---- SUPPLIED RECORDS
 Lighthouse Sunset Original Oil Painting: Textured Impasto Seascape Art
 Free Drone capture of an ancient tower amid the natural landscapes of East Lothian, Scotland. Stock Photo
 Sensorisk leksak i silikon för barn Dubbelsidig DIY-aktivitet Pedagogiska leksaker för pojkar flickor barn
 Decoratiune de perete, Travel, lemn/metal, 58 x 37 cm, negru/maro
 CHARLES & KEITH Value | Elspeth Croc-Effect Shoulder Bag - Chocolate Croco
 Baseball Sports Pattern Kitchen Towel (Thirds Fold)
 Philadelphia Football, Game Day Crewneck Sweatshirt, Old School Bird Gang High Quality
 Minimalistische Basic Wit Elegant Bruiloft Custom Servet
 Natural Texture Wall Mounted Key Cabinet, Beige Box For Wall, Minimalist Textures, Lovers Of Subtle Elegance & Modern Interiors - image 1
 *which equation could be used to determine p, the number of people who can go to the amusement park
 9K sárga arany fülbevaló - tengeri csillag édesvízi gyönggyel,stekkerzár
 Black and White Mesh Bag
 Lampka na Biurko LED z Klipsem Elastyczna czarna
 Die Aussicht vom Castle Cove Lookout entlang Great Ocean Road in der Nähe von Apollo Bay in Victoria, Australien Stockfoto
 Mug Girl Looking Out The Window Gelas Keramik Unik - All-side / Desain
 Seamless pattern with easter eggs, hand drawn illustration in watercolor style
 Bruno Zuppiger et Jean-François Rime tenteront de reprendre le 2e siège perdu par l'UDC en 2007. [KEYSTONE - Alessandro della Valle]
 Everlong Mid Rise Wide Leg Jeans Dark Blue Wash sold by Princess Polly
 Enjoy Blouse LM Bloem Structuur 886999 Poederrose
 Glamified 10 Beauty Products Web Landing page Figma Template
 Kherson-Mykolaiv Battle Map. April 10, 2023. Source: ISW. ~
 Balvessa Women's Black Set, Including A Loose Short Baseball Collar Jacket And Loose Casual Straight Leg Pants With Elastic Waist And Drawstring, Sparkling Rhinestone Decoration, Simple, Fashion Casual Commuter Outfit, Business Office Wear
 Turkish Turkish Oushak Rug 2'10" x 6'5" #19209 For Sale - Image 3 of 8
--------
[WORK TASK]
For the listing above, say how many lines hold the word "Black". Nothing but the number is needed.

[RESULT OF THIS EXERCISE]
2